Figure 11.

α-Asarone treatment reduces phosphorylation of IκB-α and IKK-β, and thus reduces the available p-IκB-α p-IKK-β kinase for degradation in primary microglia stimulated with LPS. Experiments were performed as previously described. (A) LPS exposure induces phosphorylation of IκB-α and IKK-β activation followed by degradation, as assessed by antibodies against phospho-IκB-α, IκB-α, phospho-IKK-β, and IKK-β at different time points. (B) After treatment with α-asarone for 1 h, primary rat microglia were stimulated with LPS (1 µg/ml) for 3 h, the protein level were analyzed by Western blot analysis. The p-IκB-α or IκB-α/GAPDH and the p-IKK-β or IKK-β/GAPDH ratio were determined by densitometry analysis.

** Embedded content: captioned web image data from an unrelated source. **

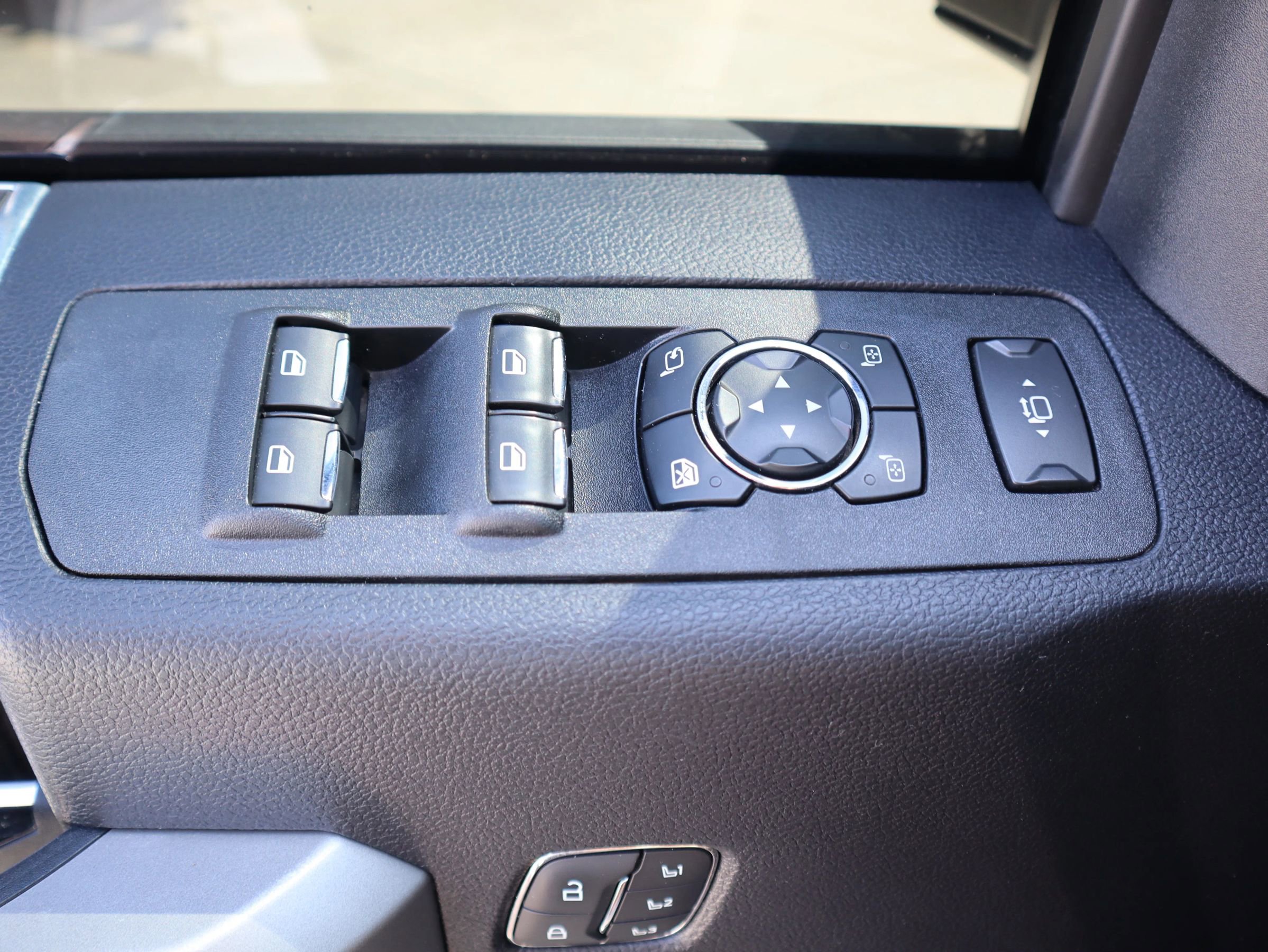 Used 2021 Ford F350 Lariat w/ Lariat Ultimate Package image 24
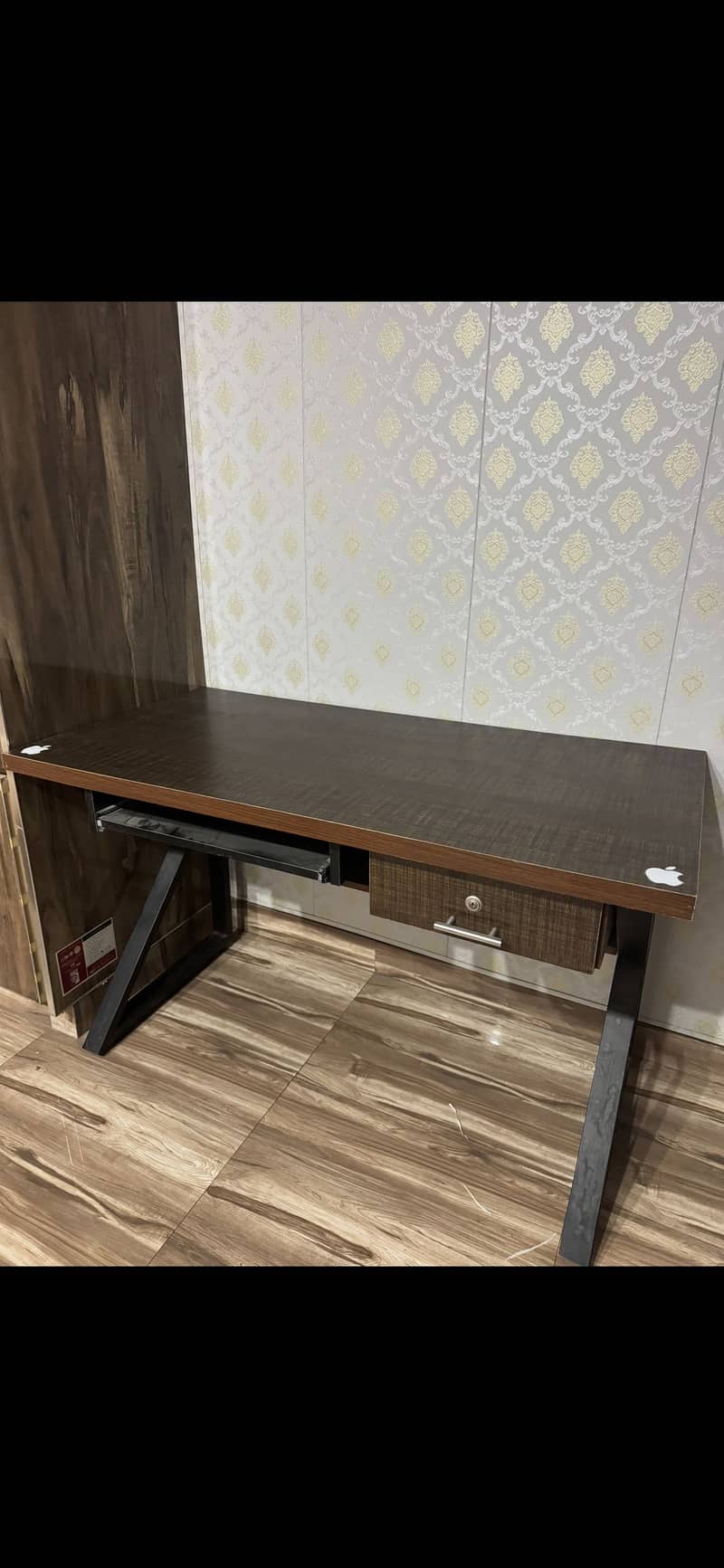 Computer table with chair 0
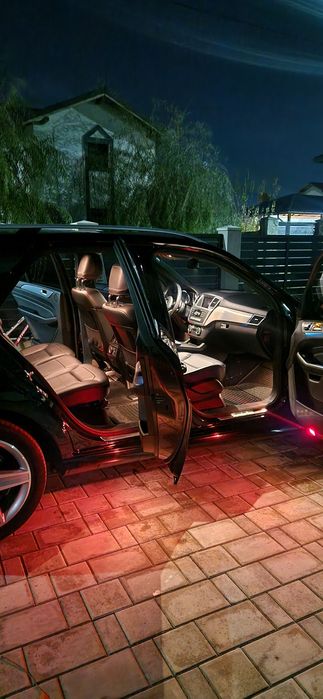 Vand Mercedes Benz ML 350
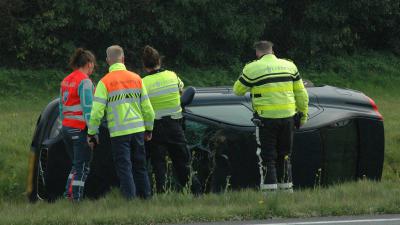 auto-gekanteld-politie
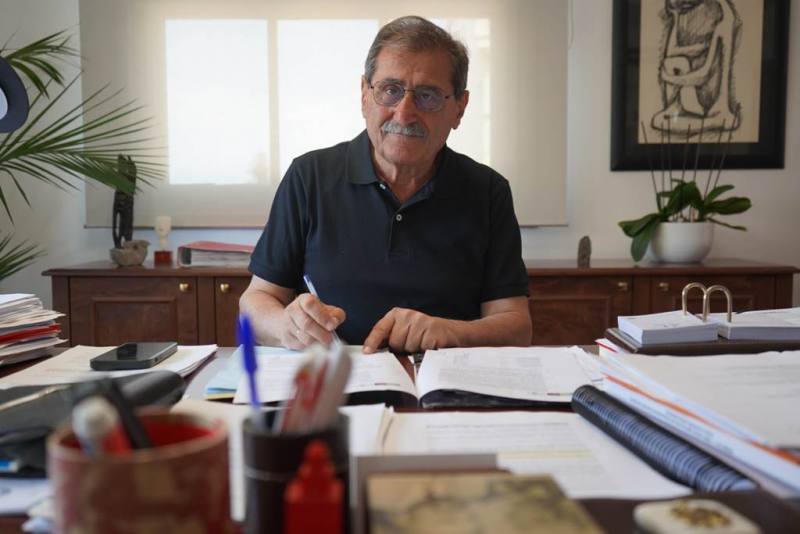 Ο Δήμαρχος Πατρέων Κώστας Πελετίδης υπέγραψε τη σύμβαση για το έργο ανάπλασης της Πλατείας Γεωργίου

Con, control group; LPS, lipopolysaccharide-treated model group; LPS-100, LPS-50, LPS-25, microglial pretreatment with different concentrations of α-asarone (100, 50, and 25 µg/ml) group; IκB-α, inhibitor kappa B-alpha; IKK-β, I kappaB kinase-β. x ± s from three independent experiments. *p < 0.05, **p < 0.01, vs. Con group; ^#p < 0.05, ^##p < 0.01, vs. LPS group.